We recently launched our Top Marketing Trends 2019 series, that will take a close look at what digital marketers should expect for next year. We started with privacy because of a sea change in consumer attitudes about their online privacy over the past 18 months – much of it the result of huge changes in policy around the world, like the European Union’s GDPR requirements, as well as data breaches that put a massive number of Americans at risk. In our post last week, we dove into what GDPR means for marketers here in the U.S.
In today’s post, we will examine changes resulting from Facebook’s sale of its data to Cambridge Analytica, which used the information on Facebook users for controversial political targeting.

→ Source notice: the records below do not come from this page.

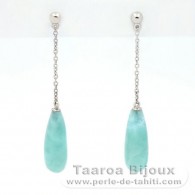 Aretes de Plata y 2 Larimar - 18 x 7 x 6.5 mm - 2.6 gr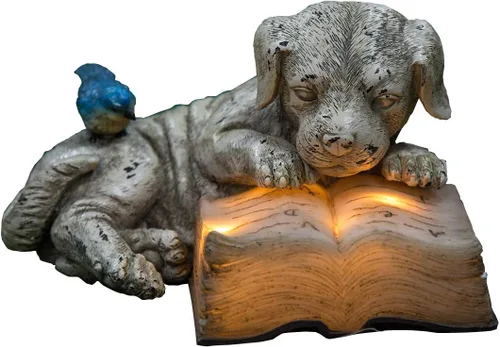 Vista 5 de Topadorn Estatua de jardín solar para cachorros con libro LED brillante, perro de resina pintado a mano con pájaro azul, decoración de patio al aire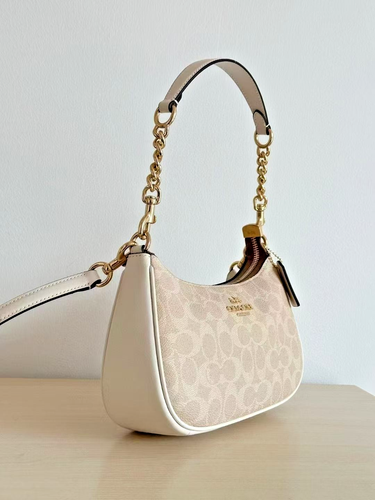 Buy Coach NWT Teri Shoulder Bag In Signature Canvas CV933 Gold/Sand/Chalk! – Best Price & Deal - Image 2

Why is this a top marketing trend for 2019? Because the realization of how social media platforms like Facebook are using consumer information has had a significant impact on Facebook’s users and financial status, a trend that will extend to other social media outlets in the coming year.
Here are out three key takeaways from the Facebook fiasco that will have a significant impact on digital marketers:
The challenge with marketers who want to leverage platforms like Facebook to reach their target audiences is that the social media companies themselves are just now putting in place consumer safeguards about how their data is being used- in the face of serious public and political pressure. We all know that consumers want an easy experience when looking to research or purchase on the internet, which is what we marketers want, as well. Now that consumers see that this convenience comes at a cost, they want more control over how their personal information is used.

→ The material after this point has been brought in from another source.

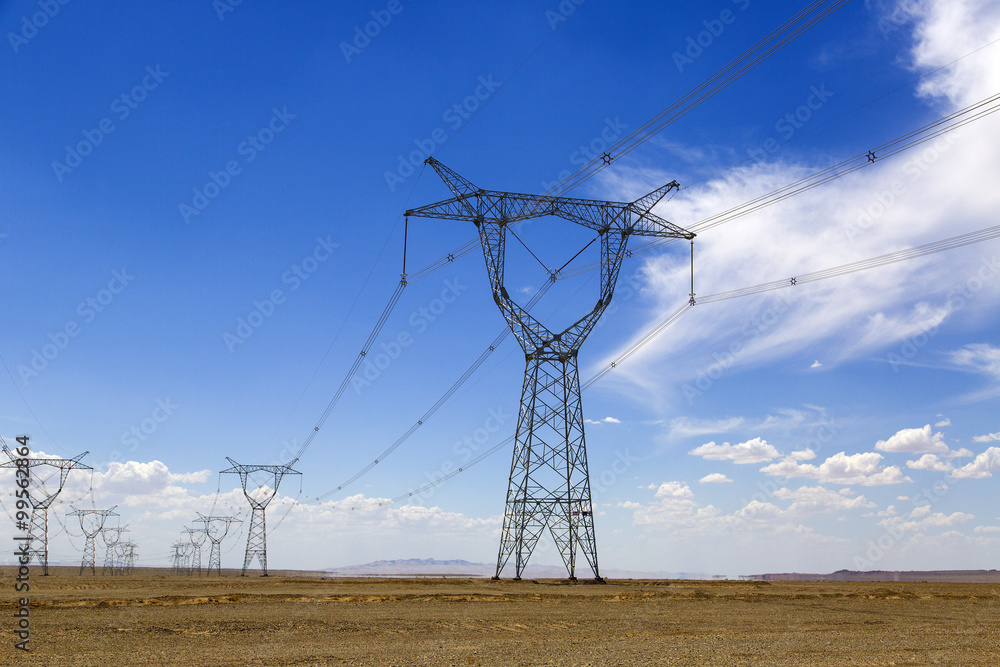 Electricity Pylons in Gansu province, China Electricity Pylons in Gansu province, China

Our first takeaway for 2019: There’s a big difference between serving the consumer’s interest and using that same data when it doesn’t benefit that individual. Our recommendation is to take a close review of how you use your customer data and make sure it actually serves the customer.

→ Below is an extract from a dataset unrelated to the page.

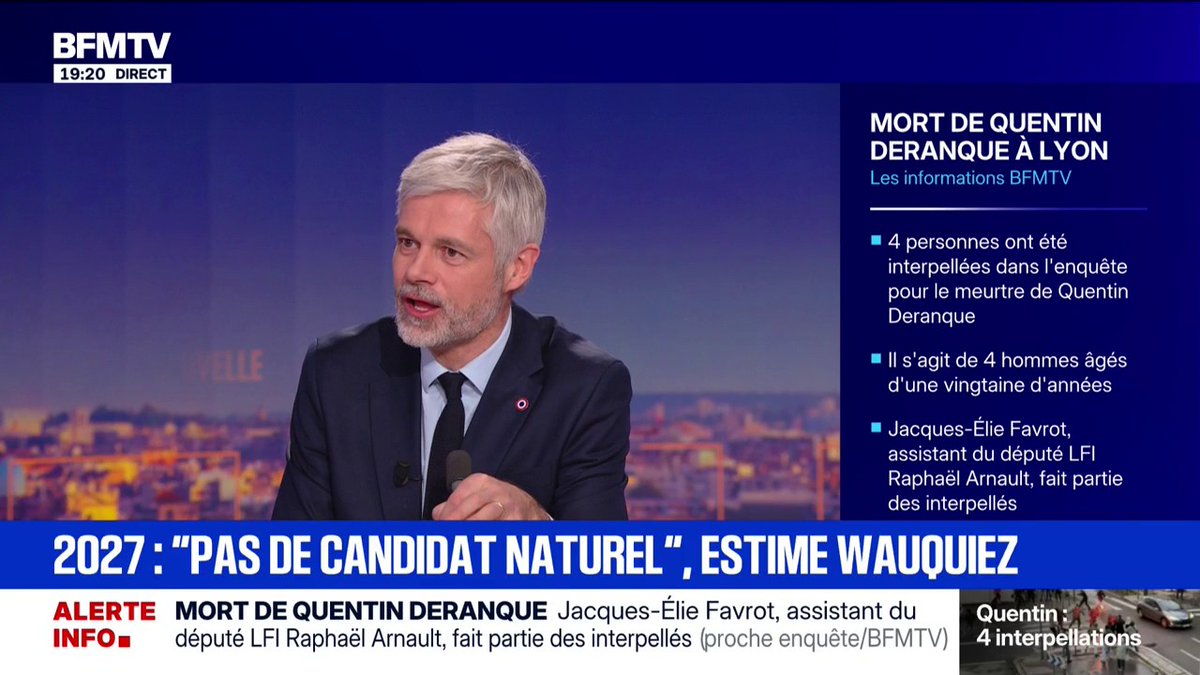 🔴 Candidature à la présidentielle de 2027 ➡️ "Évidemment que je me pose la question", explique Laurent Wauquiez (LR)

Our second takeaway for 2019: Give visitors to your website real choices that they can understand over how their information is used. One idea that is making headway is having a privacy dashboard that is readily accessed by visitors, where they can make their own decisions about their data.
Finally, we all need to know who we are dealing with when it comes to third-party vendors. The issue with Cambridge Analytics was not simply that Facebook was providing data to an outside entity – after all, that is its business model, and in our opinion, there is nothing wrong with that when used appropriately. The scandal was that the outside firm was using the data for ways that Facebook users would never have sanctioned – to influence how they vote in elections.
Our third takeaway for 2019: Make sure you know your partners, including data brokers and ad buyers, and exactly what they are doing with the information. Ask them if they are acquiring personal data without the user’s permission. It won’t be enough to claim ignorance about your third-party vendors.